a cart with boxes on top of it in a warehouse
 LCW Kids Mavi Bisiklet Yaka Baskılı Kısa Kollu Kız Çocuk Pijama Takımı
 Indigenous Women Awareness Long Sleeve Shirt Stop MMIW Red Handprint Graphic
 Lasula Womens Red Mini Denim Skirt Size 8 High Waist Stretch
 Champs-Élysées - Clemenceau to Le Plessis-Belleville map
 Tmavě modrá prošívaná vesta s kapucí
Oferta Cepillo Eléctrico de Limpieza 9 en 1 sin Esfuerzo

^^^^^^^^

**WHAT TO WORK ON**
Reproduce the entries above in full, verbatim.

**RESPONSE TO THIS EXERCISE**
a cart with boxes on top of it in a warehouse
 LCW Kids Mavi Bisiklet Yaka Baskılı Kısa Kollu Kız Çocuk Pijama Takımı
 Indigenous Women Awareness Long Sleeve Shirt Stop MMIW Red Handprint Graphic
 Lasula Womens Red Mini Denim Skirt Size 8 High Waist Stretch
 Champs-Élysées - Clemenceau to Le Plessis-Belleville map
 Tmavě modrá prošívaná vesta s kapucí
Oferta Cepillo Eléctrico de Limpieza 9 en 1 sin Esfuerzo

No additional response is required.